**Input records:**

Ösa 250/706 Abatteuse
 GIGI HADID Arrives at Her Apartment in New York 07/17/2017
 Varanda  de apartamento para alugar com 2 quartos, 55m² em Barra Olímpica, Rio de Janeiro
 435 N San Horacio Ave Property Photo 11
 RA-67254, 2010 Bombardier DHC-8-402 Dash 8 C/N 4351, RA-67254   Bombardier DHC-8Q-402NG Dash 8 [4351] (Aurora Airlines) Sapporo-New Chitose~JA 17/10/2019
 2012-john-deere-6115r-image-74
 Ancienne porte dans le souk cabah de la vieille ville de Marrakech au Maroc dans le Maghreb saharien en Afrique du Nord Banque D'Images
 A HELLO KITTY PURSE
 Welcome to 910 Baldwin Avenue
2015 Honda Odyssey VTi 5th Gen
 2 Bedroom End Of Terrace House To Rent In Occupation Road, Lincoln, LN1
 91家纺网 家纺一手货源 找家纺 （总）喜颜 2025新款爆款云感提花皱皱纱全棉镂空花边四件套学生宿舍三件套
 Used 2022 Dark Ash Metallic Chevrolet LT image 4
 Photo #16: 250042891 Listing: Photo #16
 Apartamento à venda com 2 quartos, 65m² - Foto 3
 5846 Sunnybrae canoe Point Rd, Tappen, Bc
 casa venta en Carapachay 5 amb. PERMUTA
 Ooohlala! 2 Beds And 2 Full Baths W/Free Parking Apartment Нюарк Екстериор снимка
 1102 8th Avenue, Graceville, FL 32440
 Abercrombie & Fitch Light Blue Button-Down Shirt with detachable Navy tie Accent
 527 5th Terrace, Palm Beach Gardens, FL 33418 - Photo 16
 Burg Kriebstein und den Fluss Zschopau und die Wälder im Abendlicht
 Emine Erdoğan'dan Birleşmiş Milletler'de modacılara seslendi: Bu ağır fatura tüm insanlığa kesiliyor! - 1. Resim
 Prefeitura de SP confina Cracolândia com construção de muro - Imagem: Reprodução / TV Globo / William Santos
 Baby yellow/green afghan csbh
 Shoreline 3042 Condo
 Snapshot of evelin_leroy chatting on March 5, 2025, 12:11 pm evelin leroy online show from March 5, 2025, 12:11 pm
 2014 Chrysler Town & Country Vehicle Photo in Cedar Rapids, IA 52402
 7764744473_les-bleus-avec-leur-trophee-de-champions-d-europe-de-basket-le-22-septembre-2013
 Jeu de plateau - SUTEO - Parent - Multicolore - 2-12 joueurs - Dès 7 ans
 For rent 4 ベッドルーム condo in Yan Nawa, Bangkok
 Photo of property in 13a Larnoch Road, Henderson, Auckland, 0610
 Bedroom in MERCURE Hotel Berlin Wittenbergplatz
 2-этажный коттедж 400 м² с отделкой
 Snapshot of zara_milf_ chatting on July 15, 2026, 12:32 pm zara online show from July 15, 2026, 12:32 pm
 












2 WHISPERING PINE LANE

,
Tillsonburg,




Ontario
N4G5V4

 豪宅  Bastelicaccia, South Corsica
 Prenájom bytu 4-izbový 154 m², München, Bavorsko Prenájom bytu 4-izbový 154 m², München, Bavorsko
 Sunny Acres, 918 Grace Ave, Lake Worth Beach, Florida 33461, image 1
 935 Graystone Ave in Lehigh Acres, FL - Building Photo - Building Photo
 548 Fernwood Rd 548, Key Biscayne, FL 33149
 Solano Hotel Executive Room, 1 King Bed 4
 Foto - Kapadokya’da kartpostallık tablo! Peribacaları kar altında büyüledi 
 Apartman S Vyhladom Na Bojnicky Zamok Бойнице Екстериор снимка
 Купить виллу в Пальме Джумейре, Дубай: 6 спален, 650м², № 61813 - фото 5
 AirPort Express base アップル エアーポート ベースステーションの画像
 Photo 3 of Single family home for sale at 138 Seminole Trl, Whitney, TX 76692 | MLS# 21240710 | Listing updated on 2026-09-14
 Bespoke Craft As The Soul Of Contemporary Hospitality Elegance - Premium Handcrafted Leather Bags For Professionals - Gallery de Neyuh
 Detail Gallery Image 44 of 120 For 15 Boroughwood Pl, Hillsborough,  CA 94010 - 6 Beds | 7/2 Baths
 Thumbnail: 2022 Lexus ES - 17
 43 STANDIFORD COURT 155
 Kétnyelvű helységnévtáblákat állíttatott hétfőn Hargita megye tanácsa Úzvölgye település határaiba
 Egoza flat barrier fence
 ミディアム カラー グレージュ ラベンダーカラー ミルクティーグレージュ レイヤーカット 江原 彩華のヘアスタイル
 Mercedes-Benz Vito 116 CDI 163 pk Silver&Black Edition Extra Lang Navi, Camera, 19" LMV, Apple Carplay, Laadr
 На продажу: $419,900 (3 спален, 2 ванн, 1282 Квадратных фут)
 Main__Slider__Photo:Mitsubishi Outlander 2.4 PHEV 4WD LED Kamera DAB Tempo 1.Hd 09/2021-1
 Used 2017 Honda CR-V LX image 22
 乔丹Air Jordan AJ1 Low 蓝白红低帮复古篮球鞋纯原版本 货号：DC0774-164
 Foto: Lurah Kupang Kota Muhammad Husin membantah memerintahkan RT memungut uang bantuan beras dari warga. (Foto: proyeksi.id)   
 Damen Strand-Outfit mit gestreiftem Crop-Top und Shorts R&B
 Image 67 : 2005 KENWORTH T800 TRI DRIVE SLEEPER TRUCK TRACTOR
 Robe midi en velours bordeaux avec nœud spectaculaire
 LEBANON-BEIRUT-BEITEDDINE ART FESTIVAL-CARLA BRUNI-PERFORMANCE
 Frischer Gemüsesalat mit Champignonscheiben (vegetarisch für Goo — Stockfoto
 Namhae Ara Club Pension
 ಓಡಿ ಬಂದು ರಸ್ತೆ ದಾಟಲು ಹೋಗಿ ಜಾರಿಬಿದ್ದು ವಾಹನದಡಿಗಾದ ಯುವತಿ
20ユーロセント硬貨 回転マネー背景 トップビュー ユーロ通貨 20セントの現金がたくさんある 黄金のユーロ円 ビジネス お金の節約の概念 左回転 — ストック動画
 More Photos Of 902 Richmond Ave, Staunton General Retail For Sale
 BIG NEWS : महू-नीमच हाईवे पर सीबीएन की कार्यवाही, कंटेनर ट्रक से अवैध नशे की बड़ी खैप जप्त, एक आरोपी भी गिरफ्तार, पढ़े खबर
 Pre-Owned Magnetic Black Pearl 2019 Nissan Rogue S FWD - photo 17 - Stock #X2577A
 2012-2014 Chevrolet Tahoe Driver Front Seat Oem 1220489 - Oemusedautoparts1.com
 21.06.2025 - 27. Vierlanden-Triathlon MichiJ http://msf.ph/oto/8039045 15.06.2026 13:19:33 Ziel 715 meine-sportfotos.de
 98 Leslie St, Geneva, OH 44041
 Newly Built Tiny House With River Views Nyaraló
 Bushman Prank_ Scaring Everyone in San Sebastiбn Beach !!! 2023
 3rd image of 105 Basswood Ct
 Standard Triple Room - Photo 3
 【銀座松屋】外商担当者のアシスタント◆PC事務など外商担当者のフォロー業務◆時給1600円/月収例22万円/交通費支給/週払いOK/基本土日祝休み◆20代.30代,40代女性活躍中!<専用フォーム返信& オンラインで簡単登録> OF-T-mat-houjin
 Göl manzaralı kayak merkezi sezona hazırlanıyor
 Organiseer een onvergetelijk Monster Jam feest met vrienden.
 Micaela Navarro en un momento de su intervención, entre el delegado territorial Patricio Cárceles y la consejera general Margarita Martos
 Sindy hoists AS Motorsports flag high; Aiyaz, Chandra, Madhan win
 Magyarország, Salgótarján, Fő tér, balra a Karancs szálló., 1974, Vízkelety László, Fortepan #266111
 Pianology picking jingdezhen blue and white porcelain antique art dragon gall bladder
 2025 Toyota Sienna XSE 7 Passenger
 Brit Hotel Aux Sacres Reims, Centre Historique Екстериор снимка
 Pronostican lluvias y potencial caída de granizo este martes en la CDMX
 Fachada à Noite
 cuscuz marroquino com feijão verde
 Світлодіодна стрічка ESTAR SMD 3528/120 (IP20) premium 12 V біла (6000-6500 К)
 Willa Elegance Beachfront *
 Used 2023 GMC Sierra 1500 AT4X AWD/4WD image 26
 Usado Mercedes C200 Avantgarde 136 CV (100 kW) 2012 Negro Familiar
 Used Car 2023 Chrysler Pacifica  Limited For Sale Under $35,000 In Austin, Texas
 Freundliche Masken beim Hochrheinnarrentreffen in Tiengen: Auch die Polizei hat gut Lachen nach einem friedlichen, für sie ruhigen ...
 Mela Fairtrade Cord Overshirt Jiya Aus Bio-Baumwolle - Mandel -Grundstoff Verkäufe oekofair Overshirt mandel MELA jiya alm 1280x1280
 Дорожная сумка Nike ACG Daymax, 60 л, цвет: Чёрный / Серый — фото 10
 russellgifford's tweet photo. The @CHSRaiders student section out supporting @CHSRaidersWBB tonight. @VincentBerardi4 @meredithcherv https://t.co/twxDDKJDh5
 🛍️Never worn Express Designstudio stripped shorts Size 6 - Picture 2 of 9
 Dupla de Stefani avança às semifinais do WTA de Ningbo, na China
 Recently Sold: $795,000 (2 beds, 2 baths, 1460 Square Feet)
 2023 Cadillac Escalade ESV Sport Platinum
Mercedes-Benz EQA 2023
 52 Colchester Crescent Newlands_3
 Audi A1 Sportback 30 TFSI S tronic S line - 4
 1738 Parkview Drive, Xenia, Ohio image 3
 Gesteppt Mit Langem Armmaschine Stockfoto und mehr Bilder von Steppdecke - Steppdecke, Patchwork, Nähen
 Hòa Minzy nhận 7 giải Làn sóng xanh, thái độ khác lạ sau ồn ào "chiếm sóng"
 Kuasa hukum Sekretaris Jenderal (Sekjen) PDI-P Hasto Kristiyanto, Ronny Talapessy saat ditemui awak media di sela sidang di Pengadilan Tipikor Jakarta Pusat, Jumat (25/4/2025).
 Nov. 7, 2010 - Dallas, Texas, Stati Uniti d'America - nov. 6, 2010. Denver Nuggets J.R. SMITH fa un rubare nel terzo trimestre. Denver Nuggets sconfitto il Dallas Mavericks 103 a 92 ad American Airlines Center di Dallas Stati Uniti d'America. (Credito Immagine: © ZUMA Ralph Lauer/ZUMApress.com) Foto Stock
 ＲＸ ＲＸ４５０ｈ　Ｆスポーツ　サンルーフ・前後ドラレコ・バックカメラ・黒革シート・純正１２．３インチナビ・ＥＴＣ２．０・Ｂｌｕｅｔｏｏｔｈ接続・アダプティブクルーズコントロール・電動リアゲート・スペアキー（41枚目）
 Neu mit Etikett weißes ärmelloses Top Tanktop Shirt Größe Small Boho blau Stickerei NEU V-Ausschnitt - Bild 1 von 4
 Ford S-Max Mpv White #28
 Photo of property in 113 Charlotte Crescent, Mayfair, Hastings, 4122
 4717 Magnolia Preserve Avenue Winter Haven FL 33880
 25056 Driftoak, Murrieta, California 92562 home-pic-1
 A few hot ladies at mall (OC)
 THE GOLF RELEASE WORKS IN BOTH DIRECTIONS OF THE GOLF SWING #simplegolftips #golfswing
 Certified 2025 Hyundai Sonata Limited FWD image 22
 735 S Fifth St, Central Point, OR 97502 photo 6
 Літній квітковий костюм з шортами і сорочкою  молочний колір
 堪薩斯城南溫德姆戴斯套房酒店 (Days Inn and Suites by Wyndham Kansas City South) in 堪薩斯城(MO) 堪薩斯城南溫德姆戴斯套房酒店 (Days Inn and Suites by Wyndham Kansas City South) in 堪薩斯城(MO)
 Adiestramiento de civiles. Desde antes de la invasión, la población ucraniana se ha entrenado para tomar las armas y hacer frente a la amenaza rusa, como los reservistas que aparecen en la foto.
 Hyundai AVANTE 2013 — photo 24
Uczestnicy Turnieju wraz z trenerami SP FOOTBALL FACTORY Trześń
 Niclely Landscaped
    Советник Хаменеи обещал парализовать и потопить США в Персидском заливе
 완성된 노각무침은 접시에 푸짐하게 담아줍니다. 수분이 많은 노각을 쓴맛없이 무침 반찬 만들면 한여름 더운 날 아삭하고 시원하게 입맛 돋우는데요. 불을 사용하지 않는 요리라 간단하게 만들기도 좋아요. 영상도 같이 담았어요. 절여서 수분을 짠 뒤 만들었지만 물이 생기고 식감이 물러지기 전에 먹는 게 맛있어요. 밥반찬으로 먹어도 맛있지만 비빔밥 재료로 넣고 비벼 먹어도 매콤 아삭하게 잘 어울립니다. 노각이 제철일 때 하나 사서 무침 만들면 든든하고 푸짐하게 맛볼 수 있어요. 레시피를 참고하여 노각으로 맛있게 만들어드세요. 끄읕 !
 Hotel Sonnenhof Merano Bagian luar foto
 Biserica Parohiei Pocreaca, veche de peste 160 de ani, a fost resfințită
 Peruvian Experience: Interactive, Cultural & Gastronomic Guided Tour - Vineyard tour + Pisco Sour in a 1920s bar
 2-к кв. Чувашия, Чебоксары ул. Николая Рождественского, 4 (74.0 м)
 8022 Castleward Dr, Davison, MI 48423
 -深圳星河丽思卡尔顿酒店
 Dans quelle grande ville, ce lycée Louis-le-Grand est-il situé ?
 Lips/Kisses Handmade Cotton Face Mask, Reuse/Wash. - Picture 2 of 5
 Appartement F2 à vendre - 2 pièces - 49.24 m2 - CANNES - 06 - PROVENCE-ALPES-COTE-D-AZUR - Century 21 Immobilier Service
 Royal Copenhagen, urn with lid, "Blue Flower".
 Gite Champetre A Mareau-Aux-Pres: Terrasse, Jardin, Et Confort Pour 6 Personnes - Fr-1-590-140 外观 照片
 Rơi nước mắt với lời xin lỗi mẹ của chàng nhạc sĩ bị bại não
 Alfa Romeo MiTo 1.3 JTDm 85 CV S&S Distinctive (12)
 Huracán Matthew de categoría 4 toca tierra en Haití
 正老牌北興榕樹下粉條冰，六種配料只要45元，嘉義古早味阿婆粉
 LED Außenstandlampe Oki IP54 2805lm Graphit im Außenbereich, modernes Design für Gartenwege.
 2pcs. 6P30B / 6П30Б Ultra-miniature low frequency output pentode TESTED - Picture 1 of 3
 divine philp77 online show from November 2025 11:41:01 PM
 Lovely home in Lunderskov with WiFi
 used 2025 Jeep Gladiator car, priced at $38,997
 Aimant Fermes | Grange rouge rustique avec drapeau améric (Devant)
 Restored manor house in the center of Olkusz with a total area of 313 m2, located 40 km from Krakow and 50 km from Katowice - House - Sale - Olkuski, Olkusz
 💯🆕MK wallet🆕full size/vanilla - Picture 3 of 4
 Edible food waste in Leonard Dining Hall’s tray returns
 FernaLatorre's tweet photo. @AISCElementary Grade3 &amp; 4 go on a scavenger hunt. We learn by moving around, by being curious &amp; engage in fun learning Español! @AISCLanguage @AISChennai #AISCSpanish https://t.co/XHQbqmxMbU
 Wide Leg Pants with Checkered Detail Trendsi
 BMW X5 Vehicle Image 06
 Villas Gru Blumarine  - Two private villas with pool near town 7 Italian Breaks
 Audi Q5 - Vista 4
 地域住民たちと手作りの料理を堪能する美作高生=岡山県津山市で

**Task brief:**
All lines from the opening of the material through the line that contains "Photo #16: 250042891 Listing: Photo #16" are to be printed exactly, with no others.

**Problem solution:**
Ösa 250/706 Abatteuse
 GIGI HADID Arrives at Her Apartment in New York 07/17/2017
 Varanda  de apartamento para alugar com 2 quartos, 55m² em Barra Olímpica, Rio de Janeiro
 435 N San Horacio Ave Property Photo 11
 RA-67254, 2010 Bombardier DHC-8-402 Dash 8 C/N 4351, RA-67254   Bombardier DHC-8Q-402NG Dash 8 [4351] (Aurora Airlines) Sapporo-New Chitose~JA 17/10/2019
 2012-john-deere-6115r-image-74
 Ancienne porte dans le souk cabah de la vieille ville de Marrakech au Maroc dans le Maghreb saharien en Afrique du Nord Banque D'Images
 A HELLO KITTY PURSE
 Welcome to 910 Baldwin Avenue
2015 Honda Odyssey VTi 5th Gen
 2 Bedroom End Of Terrace House To Rent In Occupation Road, Lincoln, LN1
 91家纺网 家纺一手货源 找家纺 （总）喜颜 2025新款爆款云感提花皱皱纱全棉镂空花边四件套学生宿舍三件套
 Used 2022 Dark Ash Metallic Chevrolet LT image 4
 Photo #16: 250042891 Listing: Photo #16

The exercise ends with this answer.